The Diary did a cliché count. It’s the sort of thing you do on a lazy Sunday afternoon when the satellite TV’s on the blink and going out to run over a cat strikes you as a really bad idea. It turned out that doing the cliché count was also a bad idea, though. There must be other, more gratifying, ways to put your eyesight at risk. We got well into double digits (in a text of 858 words) before - like the Monty Python minstrels in their fine old song about induced ennui, Here Comes Another One - we uttered an imprecation to the deity and ceased enumerating.
There was one good laugh. In the piece, De Neefe criticised those who spend their time posting vacuous updates on their Facebook. Deliciously, the Diary got to this bit just after seeing a vacuity of precisely this valueless variety from Janet herself, who had felt obliged to tell everyone she was wearing a winter jacket and cuddling a hot-water bottle because it was cold in Ubud. Her Post piece also provided a travelogue, restaurant review, a plug for her piped Brazilian jazz and an accommodation guide. Perhaps she believes she lives on a very lonely planet.

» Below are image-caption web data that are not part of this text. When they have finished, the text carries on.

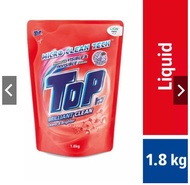 1.5-1.8kg top liquid Top Clean Liquid Laundry Brilliant Clean 1.5--1.8KG (RED)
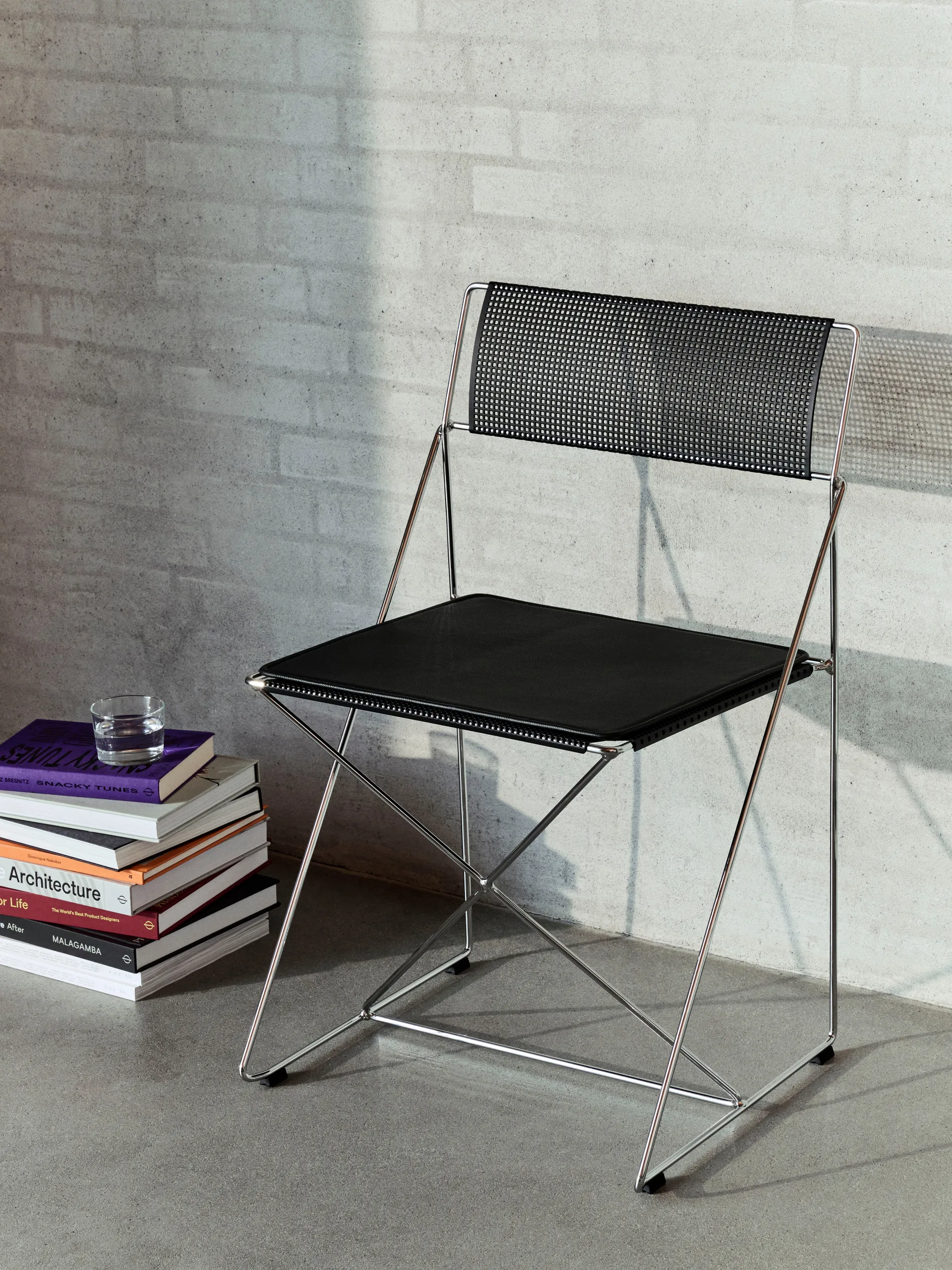 X-Line Indoor chair, Black HAY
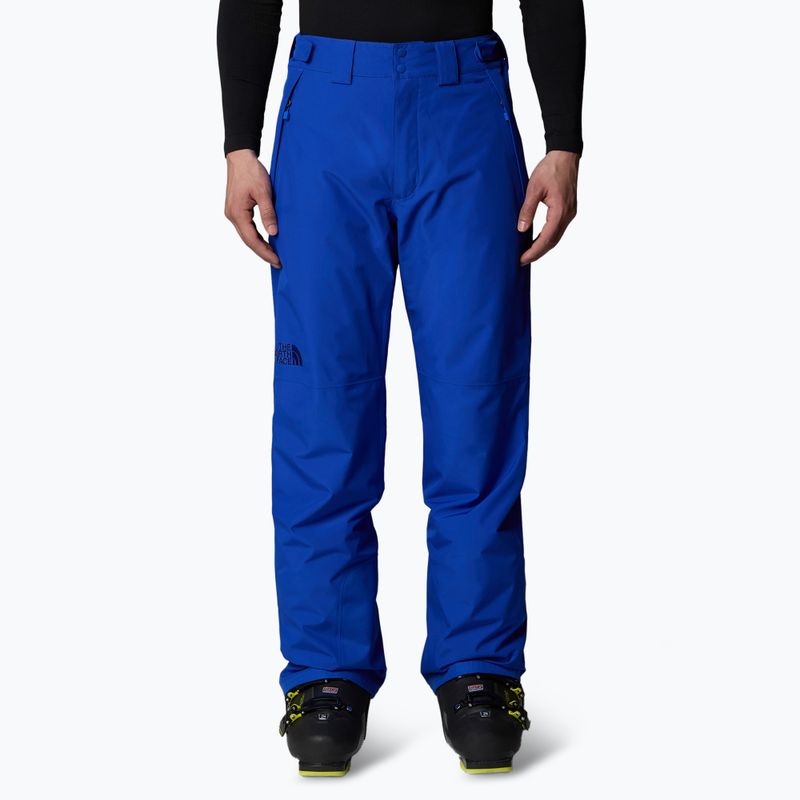 Pantaloni da sci da uomo The North Face Descendit blu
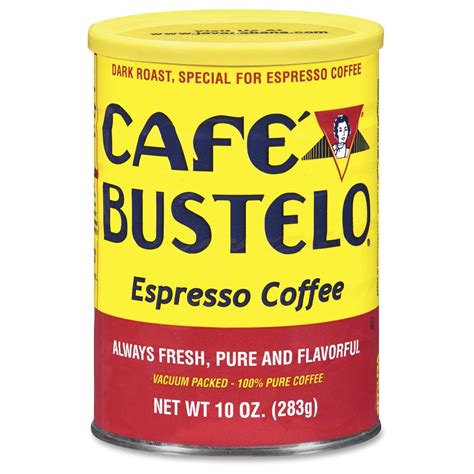 Cafe Bustelo Coffee, Espresso, Ground - 10 oz - WXF-02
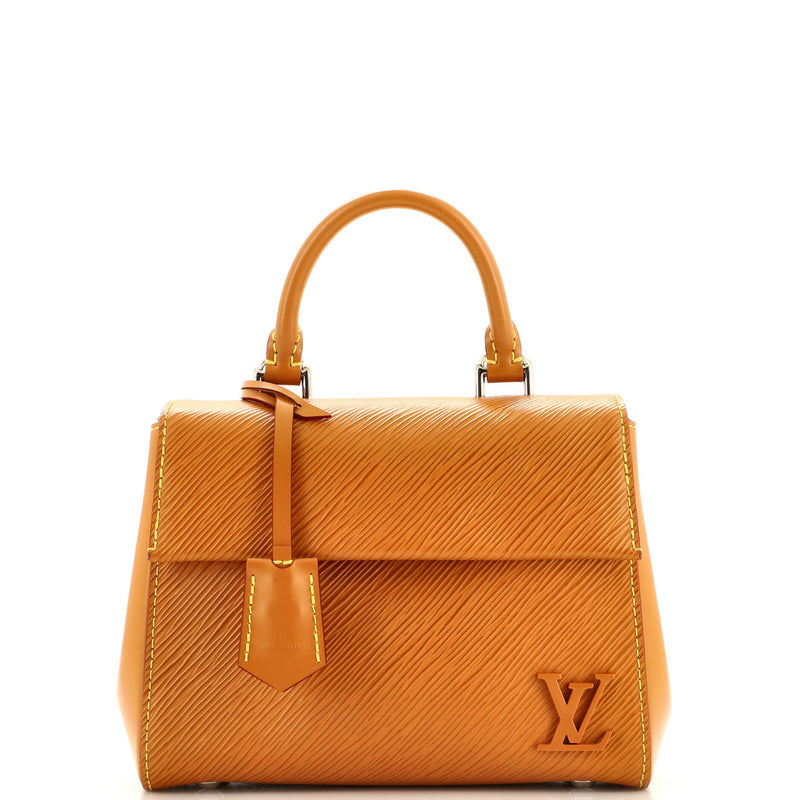 Louis Vuitton Cluny Top Handle Bag Epi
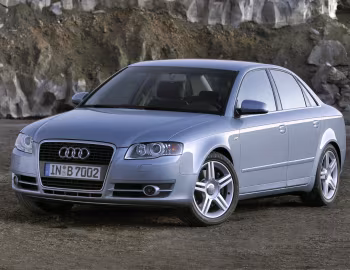 Audi A4 2.0T Sedan [Worldwide] (B7,8E) '2004–07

Maybe it’s somewhere in the Andromeda Galaxy?
The Post is one of her festival media partners and may have felt obliged to run it. We certainly hope it wasn’t that they didn’t notice, or care, that in a literary festival context something a little more literary might have been better.

Stumped

American Roy Peter Clark is vice president of and senior scholar at America’s Poynter Institute and founding director of the National Writers Workshops, a body dedicated to teaching Americans how to write. He’s been doing it for more than 30 years and, apparently, is still sane. So he’s worth a gong on that account alone. Perhaps he should come along to the UWRF. He could give a talk on the banality of the cliché, offer a primer on the use of the possessive and launch a campaign for a worldwide ban on exclamation marks.
Clark is something of a fan of neologisms. That’s a fancy word for invented terms that sometimes have utility – and thus value – such as blog, for example, without which many who could never write to save themselves would nowadays be lost. It melds web and log, and is sensible.
He was in the news last week for defending the indefensible: Sarah Palin, John McCain’s biggest mistake apart from failing to realise that, after Dubya, not even the Archangel Gabriel could have kept the White House in Republican hands.
Palin apparently compares her own ingenuity with language with that of Shakespeare (in her ignorance of the formative nature of written English in those days, when most people were wholly illiterate rather than merely functionally so). She dropped the (non) word refudiate into one of her frequent and sickening stump speeches. Clark likes this (though he doesn’t like her politics). He says that Palin is in good company.
The Diary disagrees. A malapropism it might have been (after Mrs Malaprop in Richard Sheridan’s classic 1775 play The Rivals) but a cerebral invention it was not. It was just another palindrone. And yes, we meant to write it that way.

Can We Bribe You?

Martin Edwards, of the Australian web-based newsletter Travel Trends, wrote this week about the silly idea that Bali Safari and Marine Park have come up with to give journalists and bloggers a 10-day holiday for the best “positive published article” over the next six months. The more articles you write the more chances you have to win.
Edwards wrote: “The strategy is dangerous because it seriously comprises anything written about the tourist attraction. It will also alienate serious travel media. You can understand the motivation, but this is not PR – it is bribery.”
We couldn’t have put it better (except the bit about the motivation; and bribery is never acceptable). The problem is that with the exception of The Bali Times, the English-language media here would have great difficulty defining a journalistic ethic, at least as applied by objective publications, let alone applying one. That’s if it cared.
Park publicist Astrid Iswulandari tells us the scheme also involves its business partners, including Sushi Tei, Ifiori, AJ Hackett, Sobek and Vila Ombak. She said: “So if they call it bribery, we do not think about it that way. It's an appreciation for their writing.”
But things like this are the thin end of a very long wedge, for which in large part we can blame the perniciously ill-disciplined social media; and, apparently, some very thick heads indeed.

Flour of Passion

Three cheers to the traditional village council in Singaraja that recently fined a couple caught in adulterous passion 200 kilograms of rice. That’s far better than running off to the plods – as someone did in Tabanan the other week – to get them charged under the national law against unlicensed nookie.
The naughty fellow who was half of the action was also banished from the village. Chief Ida Bagus Kosala said the chap, who was himself married with two children, was guilty of “spiriting away another man’s wife.”
That seems a tad harsh. It takes two to tango, after all. Even to a traditional beat.

Porn Poser

Communications and Information Technology Minister Tifatul Sembiring proposes to block all internet porn sites from Indonesian eyes by Ramadhan – it starts on August 11 – in the interests of redirecting the country’s morals into clearer and much cleaner waters. Only the voyeurs will object, and in the long history of voyeurism they have never had much visibility. For all we know, they might form the silent majority. But you can bet they’ll stay silent.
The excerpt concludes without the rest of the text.